The law requires EDISON to “prove” in public hearings that it is reasonable to bill ratepayers for electricity and other expenses from a failed power plant that is not producing electricity. But that never happened: When CPUC imposes a rate increase, it is supposed to approve them in public hearings that the public can attend. Instead, CPUC opted to secretly negotiate a bailout of Edison, and then “settle” the case out of court … in secret.
Those activities were unlawful.
And because of these unlawful actions, customers of Edison and SDG&E have been forced to pay as much as $1000 per electric meter for electricity and other benefits they never received.
What should have happened.
If Edison had been forced to obey the law, it would have been required to seek a license amendment and prove that its plant is “used and useful” and that it acted reasonably when it decided to install nuclear generators that were not licensed or approved as required by the Federal Nuclear Regulatory Commission.
Edison unlawfully dodged Federally required safety reviews when it installed its experimental new nuclear generators. The unapproved generators failed after eleven months and began leaking deadly radiation. Because radiation kills people, Edison was forced to shut the generators down or risk endangering the health of 8 million Southern Californians.
Under the law, public hearings are required to determine if Edison was “reasonable” and whether or not the failed nuclear generators were “used and useful.”
Those public hearings never happened. In fact, the evidence suggests that top officials at the California Public Utilities Commission worked very closely with Edison to kill the investigation showing that Edison should pay for its own mistakes.
CPUC is supposed to protect you, the public
Public Utility Commissioners and Judges are not supposed to “help” utilities cover up their unlawful or unsafe behavior.

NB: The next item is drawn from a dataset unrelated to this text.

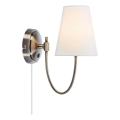 Markslöjd 108908 - Aplică de perete AMAR 1xE14/40W/230V albă/alamă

In fact, they are supposed to make sure that your utility rates are reasonable, and that the utilities are behaving in a way that does not kill people, as occurred in the San Bruno pipeline explosion and the 2007 San Diego wildfires.
In response, the California Public Utilities Commission rewarded Southern California Edison for its failure by forcing ratepayers to foot the bill for $5.1 Billion against Edison’s original investment of $700 million on the failed nuke plant (a 590% return on investment). According to some estimates, Edison’s generators, illegally installed without a license amendement, risked the lives and safety of as many as 8 million Southern Californians.
This $5.2 billion hike, which ratepayers have already paid for in unapproved electric rates, was falsely portrayed as a “refund” by top CPUC Commissioners.
1* The cost of the failed nuclear generators was $700 million. When the generators failed after less than a year of operation, CPUC agreed, in secretly negotiated out-of-court settlement, to award Edison with a $4.135 Billion in costs that were billable to consumers – a 390% return on investment.